Let us start by looking at the senior team. We are on the verge of being eliminated from the World Cup Qualifiers, just like the Under-20's, as only victory in our last two matches and some help elsewhere will guarantee us moving on to the next stage.
We seem to do well in practice games, while definitely under-performing when it matters most. We have a coach who seemingly is satisfied with 1-0 defeats, which seem to be a frequent post on his resume. What is most disturbing, however, is his now revealed bias against footballers, who play in local competitions.
Chevonne Marsh (also known as "Messi") got an opportunity to "try-out for a professional contract in Europe at about the same time that the squad for the Copa America was being selected. Despite vehement protests from his manager and mentor, Coach Rudolph Speid, the coach of the Reggae Boyz, Winfried Schafer, insisted that Marsh should travel with the team ostensibly to gain valuable experience. Well, despite playing the last first round game in the competition when we were already eliminated, young Marsh, did not get an opportunity to "gain valuable experience". Instead, the coach (and his team of on the scene advisers) selected virtually the same team that had proven in earlier matches to be incapable of scoring! To add insult to injury, he played at left back, a right footed player, who had never played that position before and who spent the entire game switching the ball from his left foot to the right in order to cross the ball into the opponent's 18 yard box.
Football in Jamaica cannot be developed if the players who live and play their football here are systematically denied a chance of international experience by so called "plastic" Jamaicans, who have never played locally, have a tenuous connection to the island, and who, once the competition or the match is completed return to their place of abode with no plans to return to assist in developing the game locally with their expertise.

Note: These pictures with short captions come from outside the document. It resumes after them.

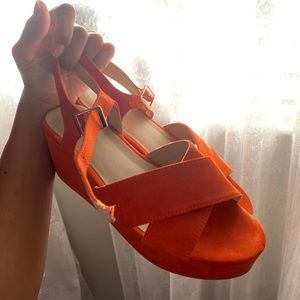 Orange suede platform sandals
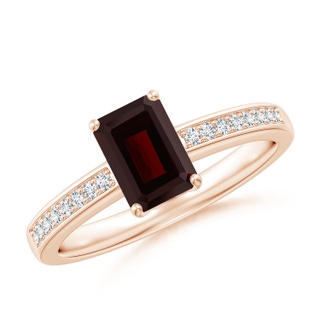 7x5mm A Octagonal Garnet Cocktail Ring with Diamonds in Rose Gold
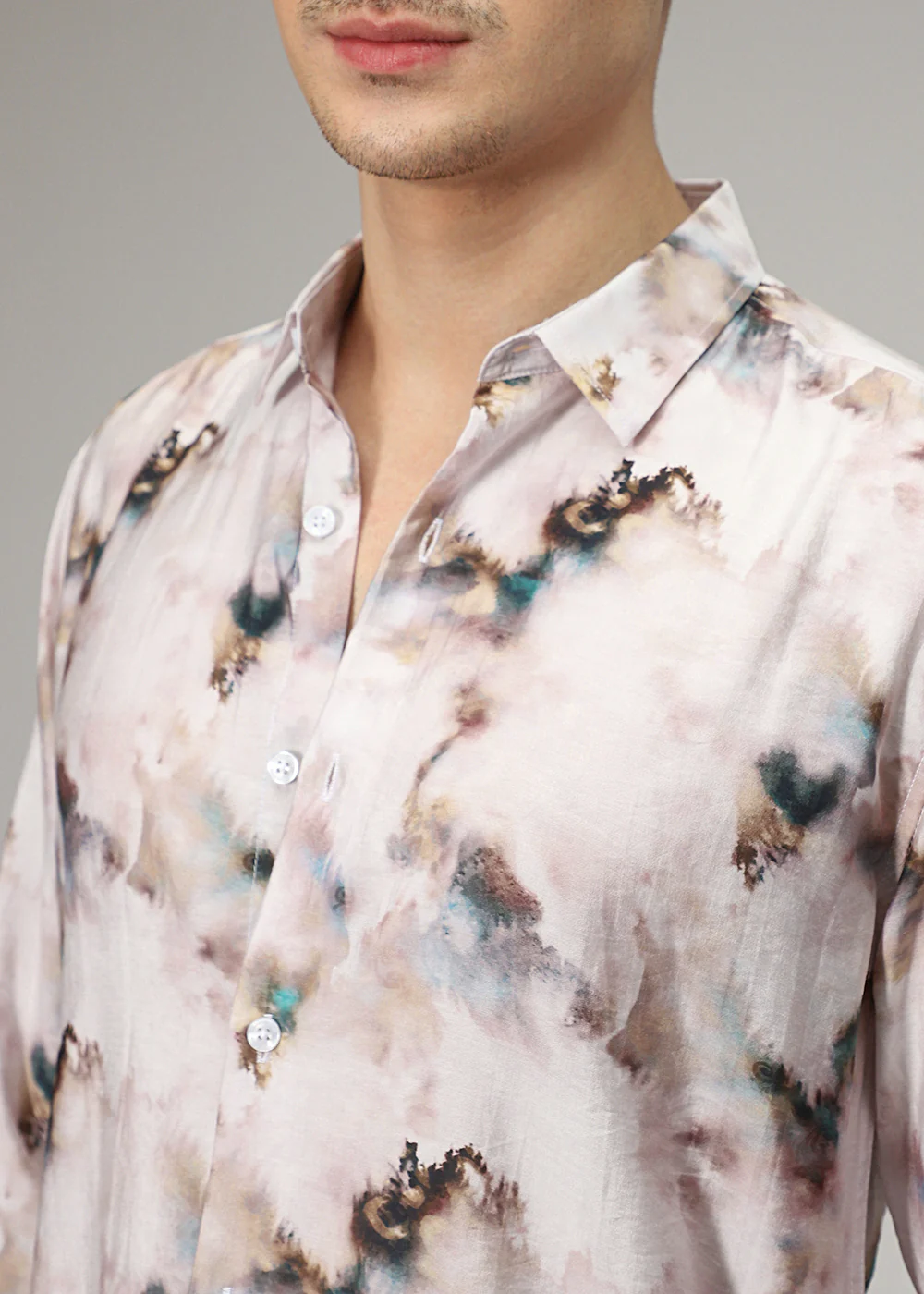 Abstract Wash Print Shirt - Image 2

At the senior level, coaches are hired to perform specific tasks. It may be to develop the local game or it may be to qualify a team or to win a particular competition. Failure to perform up to pre-arranged aims; result in instant parting of the ways. This is the norm for the coaches of teams, who were supposed to advance in the Copa America, but who on elimination understood perfectly that they no longer had a job. It must be so in Jamaica as well. The reported US$50,000 a month that it costs us to have an international coach is a substantial amount of cash to pay for failure.

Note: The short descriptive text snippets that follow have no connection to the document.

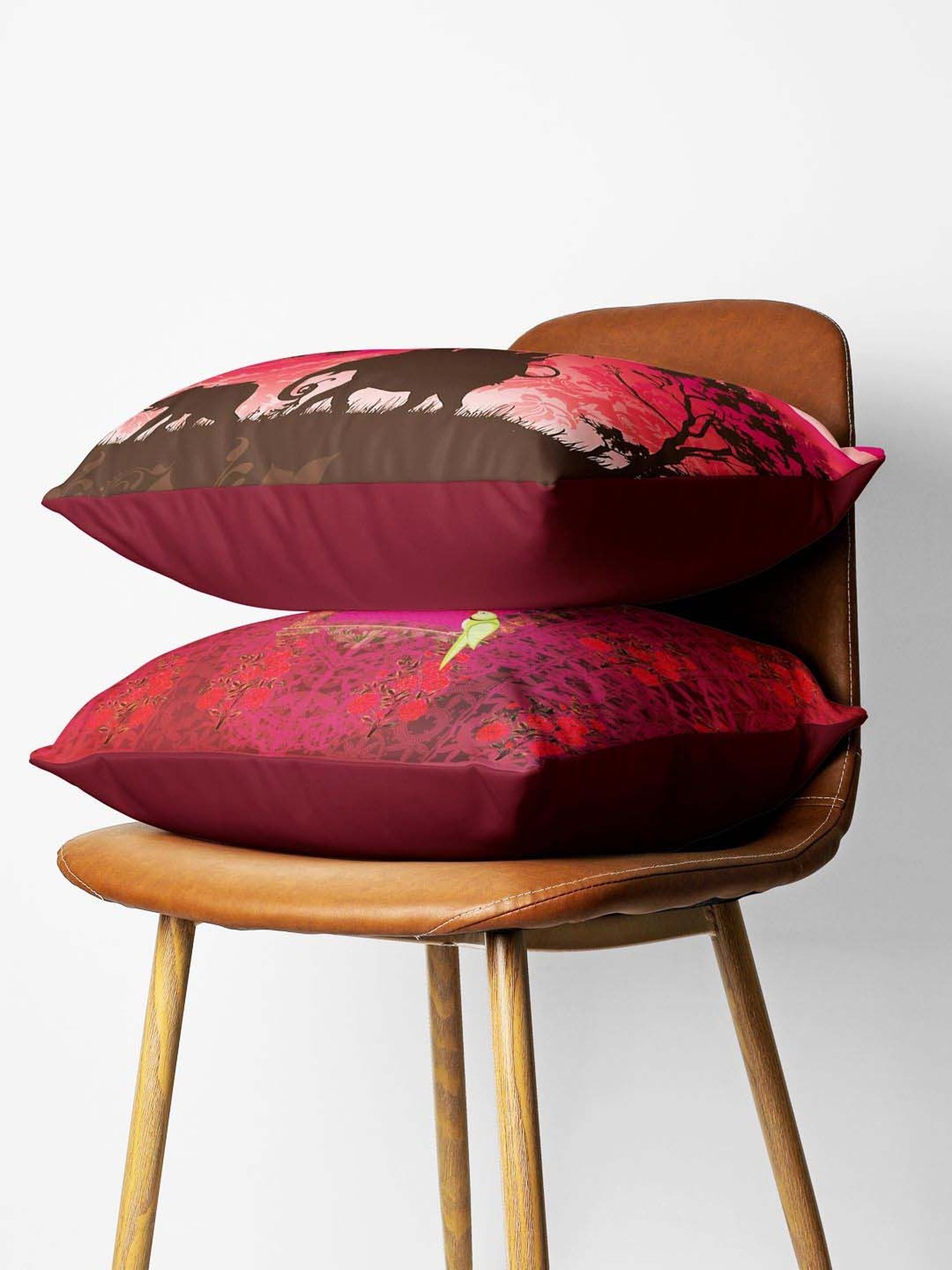 Bianca Ruyal Red Microfibre Medium Cushion Cover - Set of 2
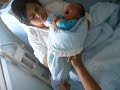 Meu sobrinho, com muito choro querendo um  mamazinho...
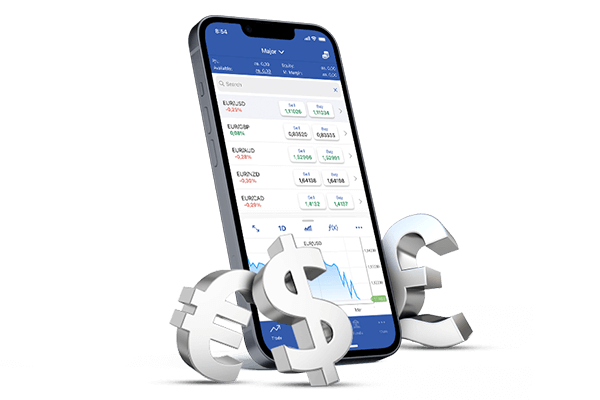 Phone showing the WebTrader with Major Forex pairs, as well as the Euro, Dollar and Pound symbols Phone showing the WebTrader with Major Forex pairs, as well as the Euro, Dollar and Pound symbols.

The future of the sport rests with the youngsters. That is a truism that is hammered into us daily. When the Under-20 team left our shores for the World Cup elimination tournament, our hopes were high mainly because of the known quality of the footballers that were on show during the recently concluded schoolboy competition.

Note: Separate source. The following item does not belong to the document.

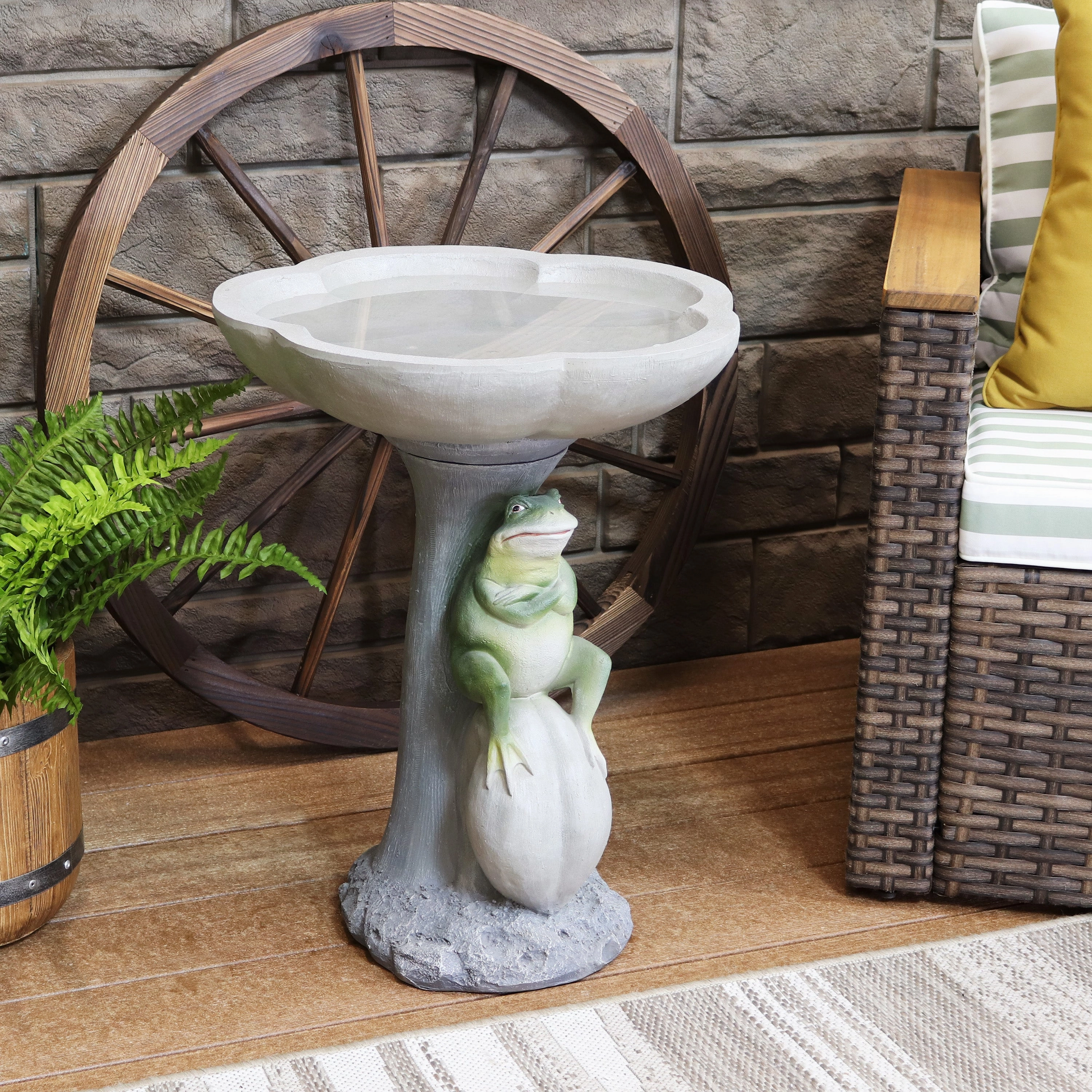 Sunnydaze Polyresin Brooding Frog on Stone Outdoor Garden Bird Bath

We were told by the coach and his assistant that the young Boyz were well prepared. Then came the shocker: Jamaica were beaten 2-0 by St Kitts and even though we won the last game against the Dominican Republic we were eliminated. I have been to St Kitts and have watched local football matches. The scene in St Kitts is that the coaches who prepare the teams during local competitions are the same people who form the pool of coaches to guide the team in International competition! That is not "rocket science". Those coaches know the youngsters and are acutely aware of what combinations work best for a successful result.
We have, in Jamaica, tried-and-proven schoolboy coaches who know how to win. How come then, when teams are selected for international competition, these same coaches are overlooked in preference for others with little or no experience in successfully coaching youngsters to victory.
Our best (arguably) school boy coach is seconded to the senior team where his knowledge and experience apparently count for nothing and our youngsters are coached by adults who have not completed one full season with a local schoolboy group. The results are there for all to see: continued elimination from international competitions. It has to stop. Local footballers and coaches deserve a chance to develop our football.